# Material shown

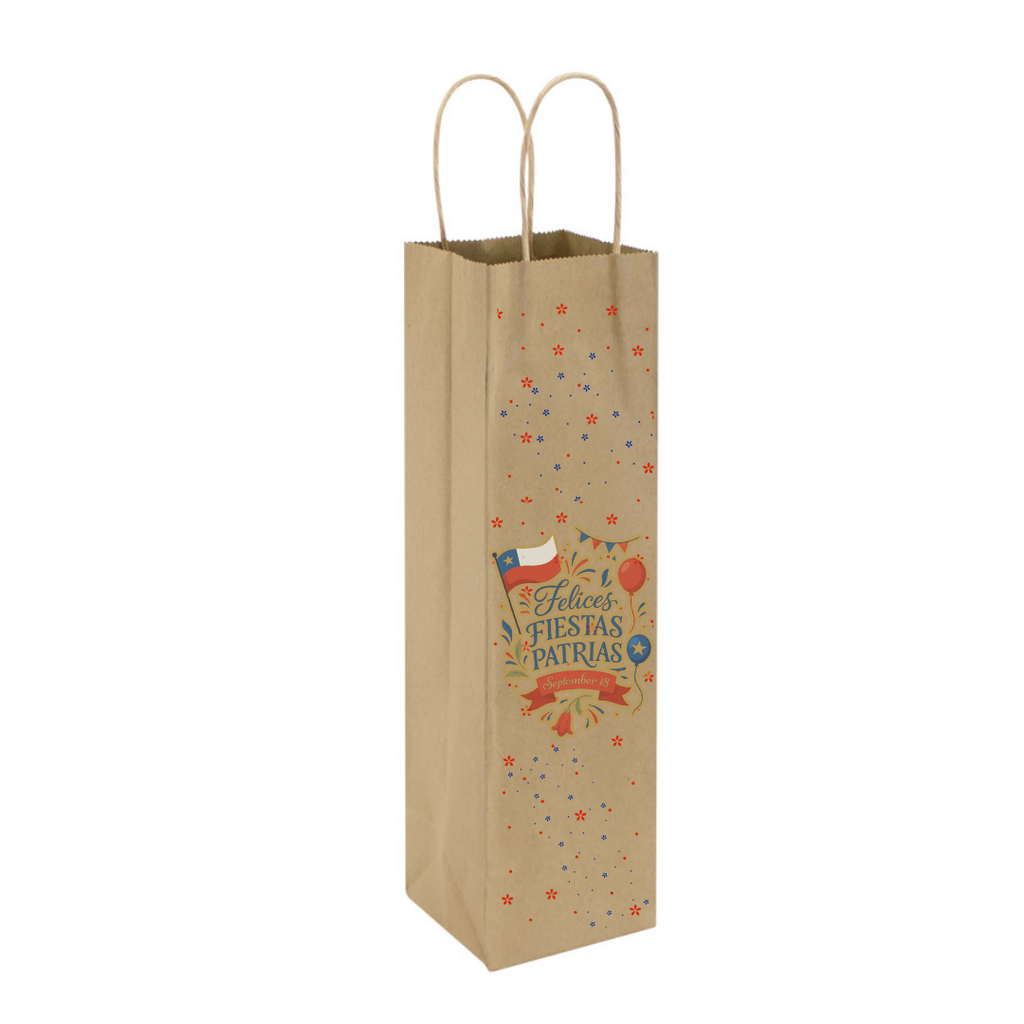 Pack 12 Bolsa de papel para botella de vino fiestas patrias Chile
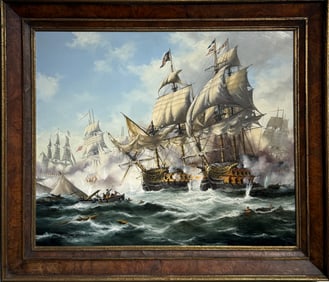 John Bentham Dinsdale "The Glorious First of June 1794" Signed Original Oil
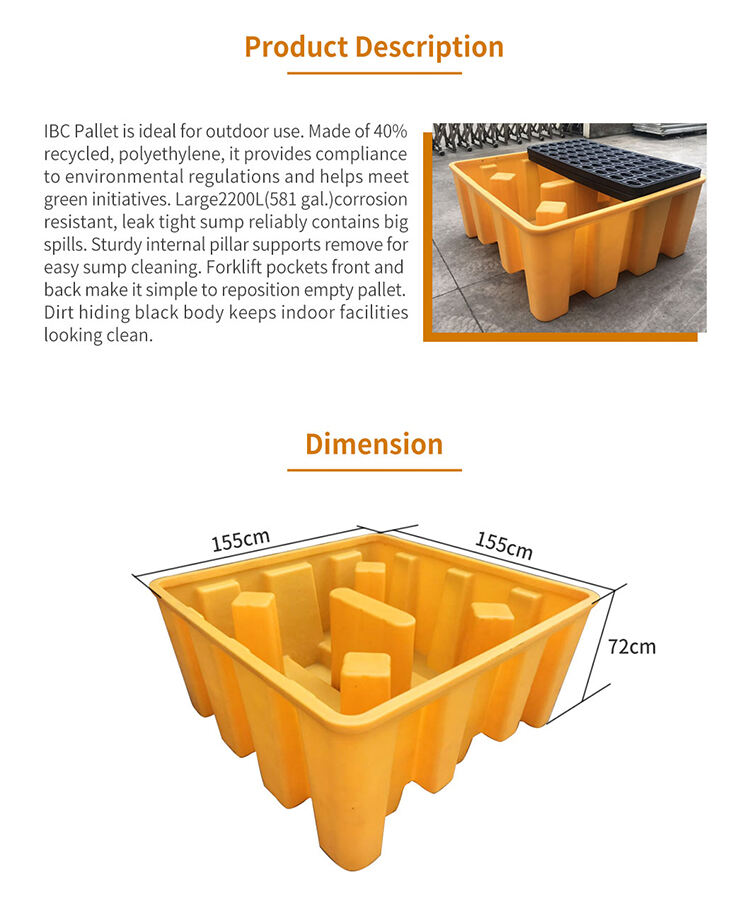 Plastic pallets heavy duty plastic IBC spill container pallets for sale factory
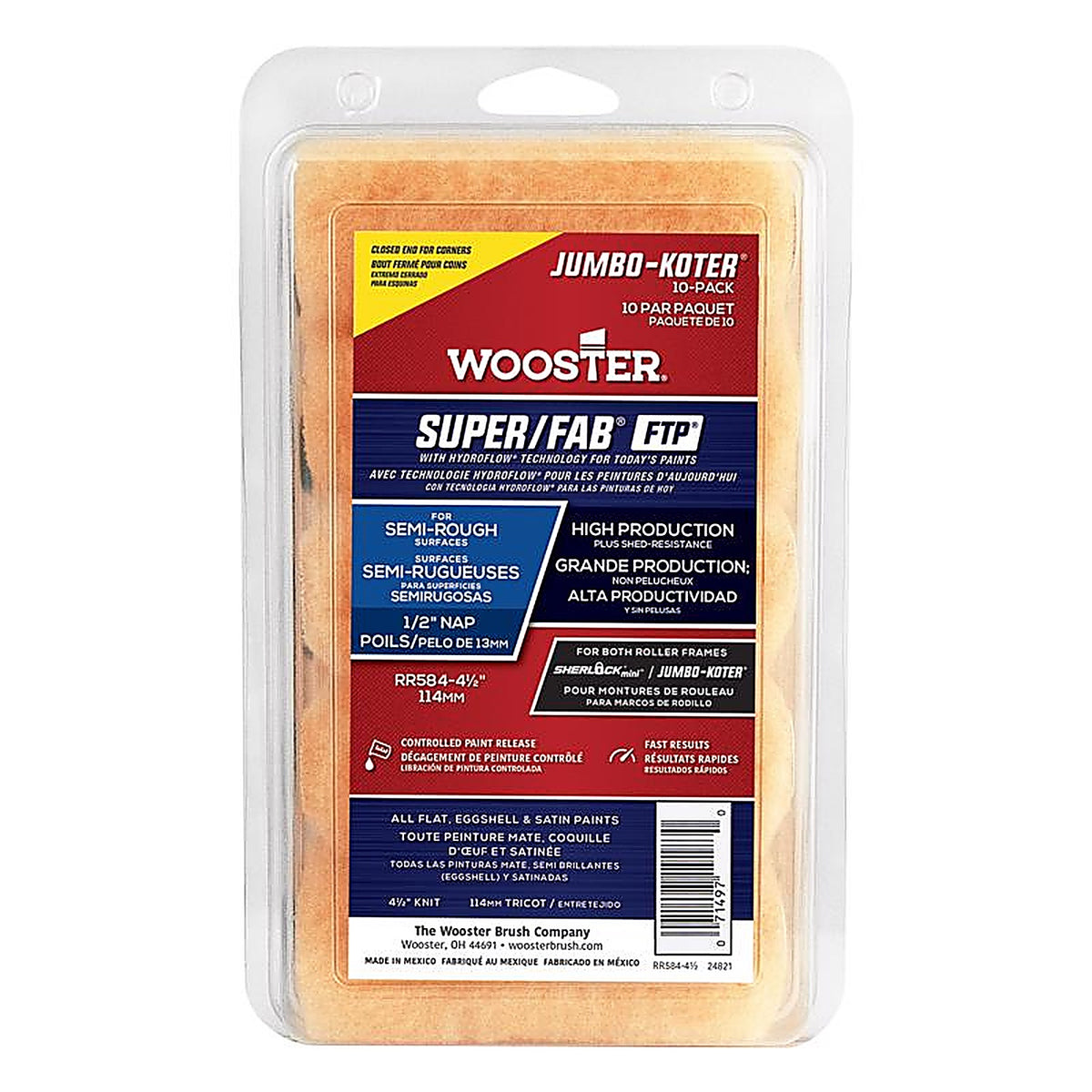 Wooster - RR584-41/2 - Super/FAB 4.5 in. W x 1/2 in. Jumbo Paint Roller Cover - 10/Pack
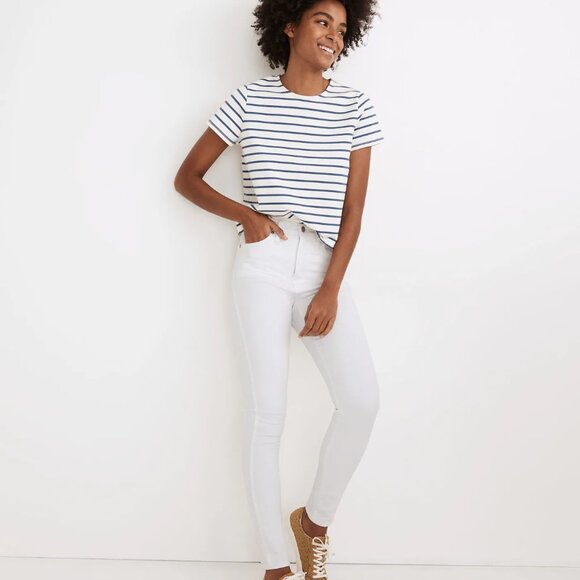 NWOT! Madewell 10" High-Rise Skinny Jeans in Pure White - Picture 1 of 6
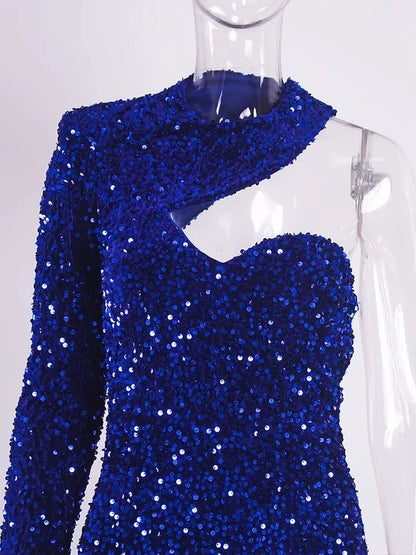 Royal Blue Sequin Evening Gown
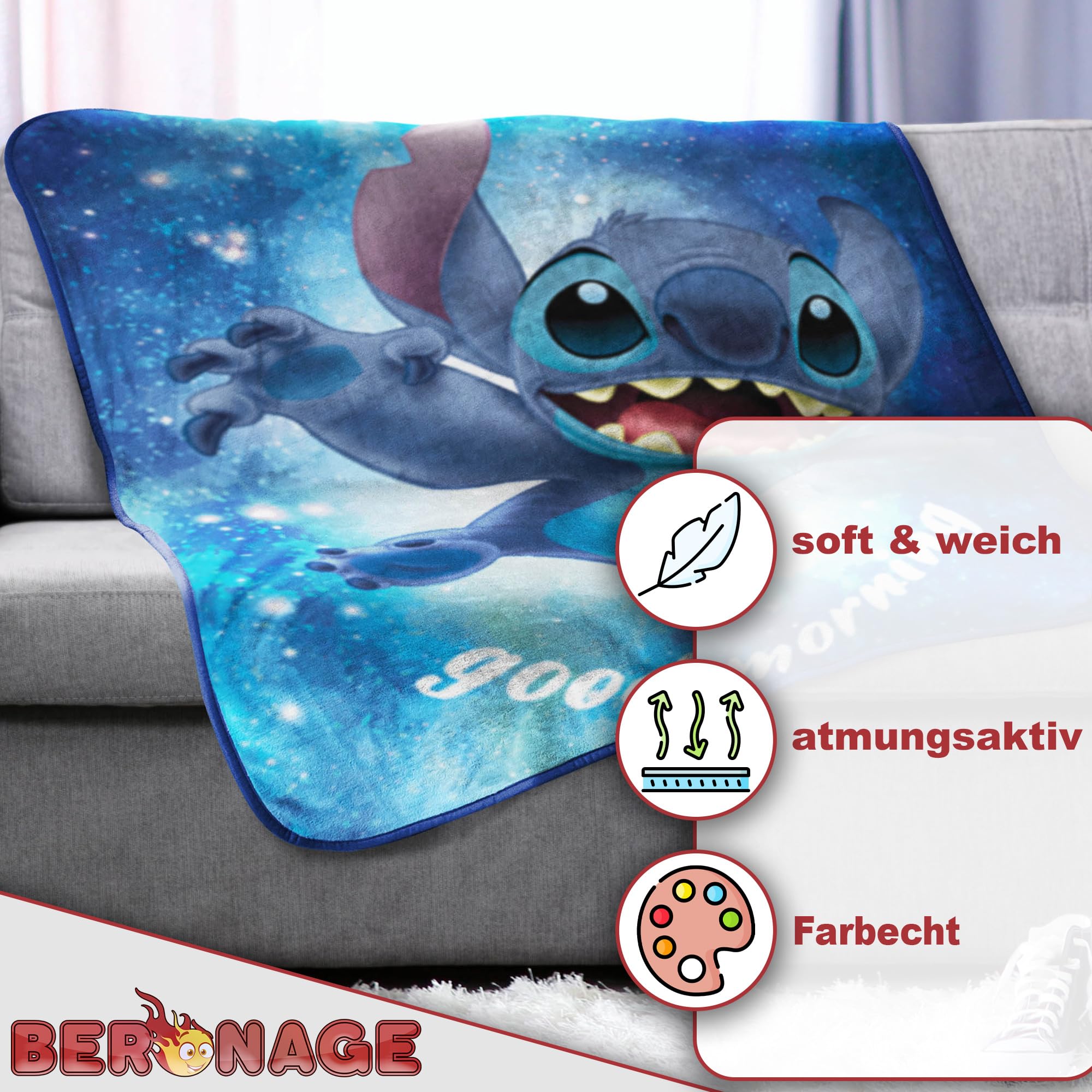BERONAGE Disney Lilo & Stitch Out of The World - Coperta morbida in 100% poliestere, 150 x 200 cm, in flanella, per bambini, adulti, motivo: anime
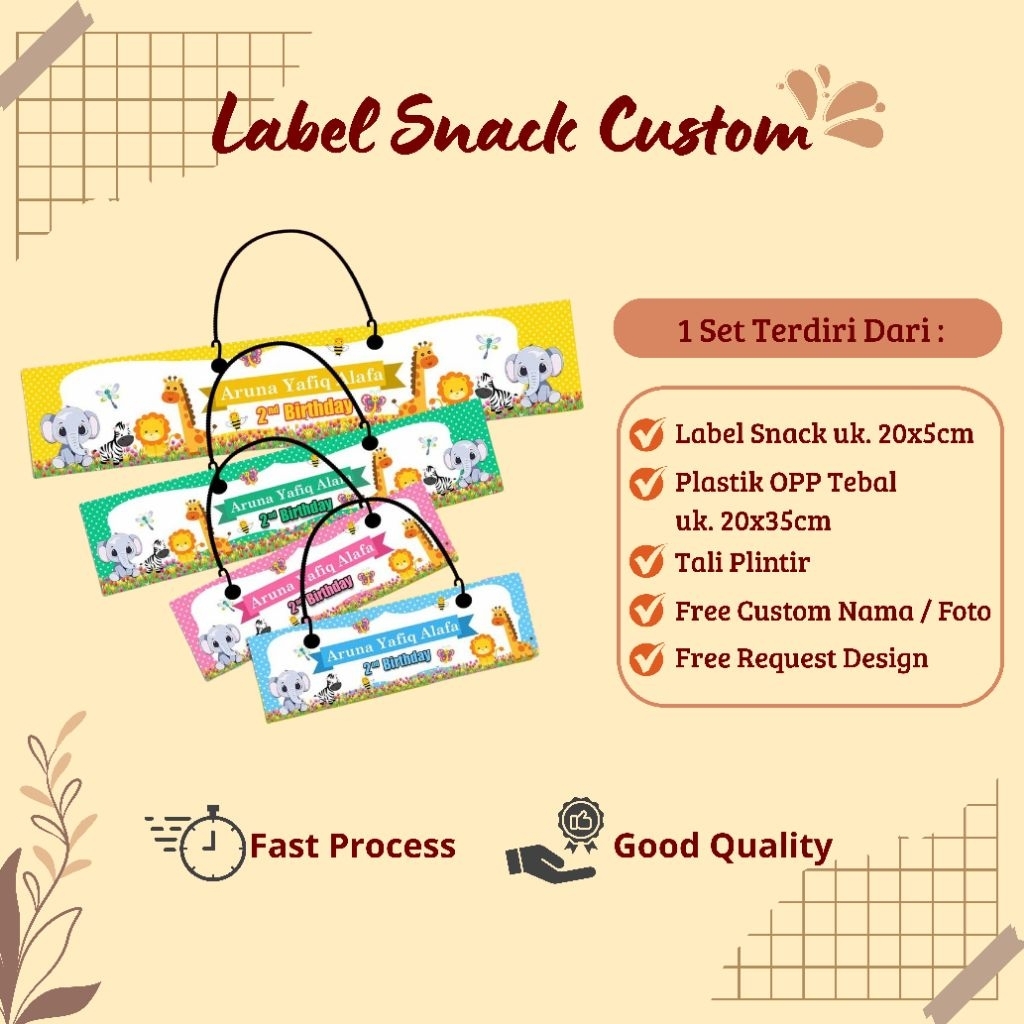 Label Plastik Snack Ulang Tahun Custom/Label Plastik Snack Custom 1 Set Tali Plintir dan Plastik-Des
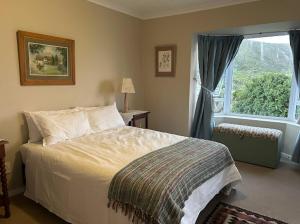 a bedroom with a large bed and a window at Restio in Agulhas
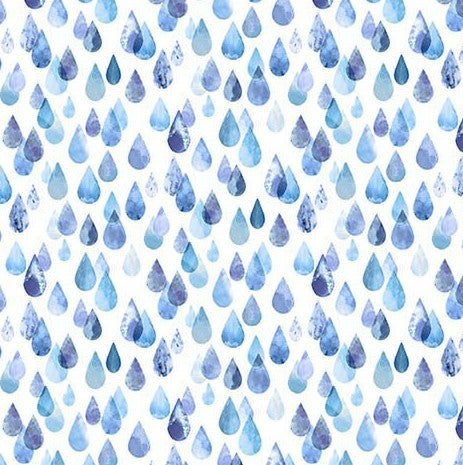 Michael Miller Rain Shower Blue cotton quilting fabric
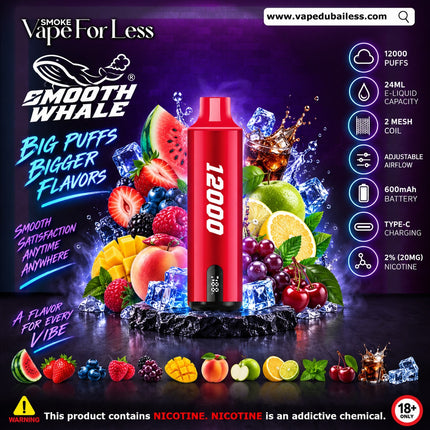 Smooth Whale 12000 Puffs Disposable Vape - Same Day Vape Delivery Dubai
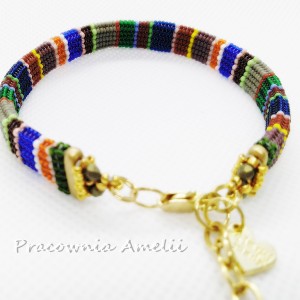 kolorowe paski wyjątkowa bransoletka beading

# Exercise
Your answer must be an exact transcription of every entry, minus the pictures.

# Answer section
 Pack 12 Bolsa de papel para botella de vino fiestas patrias Chile
 John Bentham Dinsdale "The Glorious First of June 1794" Signed Original Oil
 Plastic pallets heavy duty plastic IBC spill container pallets for sale factory
 Wooster - RR584-41/2 - Super/FAB 4.5 in. W x 1/2 in. Jumbo Paint Roller Cover - 10/Pack
 NWOT! Madewell 10" High-Rise Skinny Jeans in Pure White - Picture 1 of 6
 Royal Blue Sequin Evening Gown
BERONAGE Disney Lilo & Stitch Out of The World - Coperta morbida in 100% poliestere, 150 x 200 cm, in flanella, per bambini, adulti, motivo: anime
 Label Plastik Snack Ulang Tahun Custom/Label Plastik Snack Custom 1 Set Tali Plintir dan Plastik-Des
 a bedroom with a large bed and a window at Restio in Agulhas
 Michael Miller Rain Shower Blue cotton quilting fabric
 Smooth Whale 12000 Puffs Disposable Vape - Same Day Vape Delivery Dubai
 kolorowe paski wyjątkowa bransoletka beading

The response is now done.